O nome Badwan vinha até agora invariavelmente associado a Faris Badwan, o homem forte dos The Horrors e Cat’s Eyes mas, aparentemente, a força e o negrume correm nas veias da dinastia e Tarik Badwan, irmão de Faris, prepara-se para lançar o seu disco de estreia com os Loom, banda fundada em 2012 com os guitarristas Joshua Fitzgerald e Matt Harsh a quem se juntou em 2015 na bateria Samuel Lister e o baixista Harry Badwan, Sim, o terceiro vértice artístico da família Badwan.

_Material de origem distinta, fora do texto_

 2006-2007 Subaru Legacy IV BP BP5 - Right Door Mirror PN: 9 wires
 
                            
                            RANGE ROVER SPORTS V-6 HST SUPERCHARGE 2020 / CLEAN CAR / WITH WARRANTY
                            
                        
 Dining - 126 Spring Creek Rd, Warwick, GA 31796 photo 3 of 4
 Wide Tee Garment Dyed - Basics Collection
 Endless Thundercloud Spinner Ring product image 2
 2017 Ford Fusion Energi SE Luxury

Pesados e distantes, alheios a correntes e modas, negros e saturados de raiva e de uma angústia quase desajustada no tempo e no espaço, os Loom absorvem uma miríade de legados que, não fazendo aparentemente sentido colocados isoladamente uns ao lado dos outros, com algumas décadas de afastamento e sob a luz negra e fosca do olhar denso e desesperante da banda de Warwickshire parecem ganhar um novo significado.

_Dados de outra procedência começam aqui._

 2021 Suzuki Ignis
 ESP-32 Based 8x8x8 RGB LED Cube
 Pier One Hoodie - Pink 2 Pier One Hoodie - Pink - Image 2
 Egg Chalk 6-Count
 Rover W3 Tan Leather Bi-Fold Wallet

Com uma série de cassetes editadas até agora – dada a predilecção de Tarik pelo formato que considera ser o mais adequado ao som dos Loom – e de alguns singles em vinil, o percurso da banda inglesa tem sido essencialmente feito em palco e assente em muito na figura de Badwan. Considerado pelo NME como “the angriest man to stalk a stage in ages and the owner of the best death stare in London“, Tarik Badwan eleva os Loom para um patamar muito próprio e cerca a banda de uma aura especial de agressividade épica não delimitada por qualquer tipo de fronteiras.

Entre os dois formatos editoriais e ao longo das ainda parcas edições encontramos uma série de covers que ajudam a traçar as correntes influenciadoras do som dos Loom. “She” dos Misfits, “Seasick” dos Jesus Lizard, “Lowdown” dos Wire, “Caribou” dos Pixies ou “Warsaw” dos Warsaw atiram a vários alvos ao mesmo tempo e inacreditavelmente conseguem acertar de forma milimétrica no epicentro de todas as vertentes.

Duros e dementes, abrasivos e pulsantes, os Loom são um monstro de várias cabeças e muitos olhares com as retinas colocadas entre o grunge dos Nirvana, o punk – o post e o não-post -, o goth rock e as inclinações e declinações industriais dos Killing Joke, Sisters of Mercy e Ministry, o post-hardcore noise dos Jesus Lizard e dos Melvins e, ao mesmo tempo, melodicamente – apesar da melodia ser um ingrediente de difícil absorção nas composições dos Loom –, estranhamente alinhado a paralelos onde habitam os The Strokes e os Interpol.

O mundo precisava de uma nova hidra e esta tem dezenas de cabeças. O disco de estreia homónimo dos Loom sai amanhã, dia 19 de Maio pela Silent Cult Records.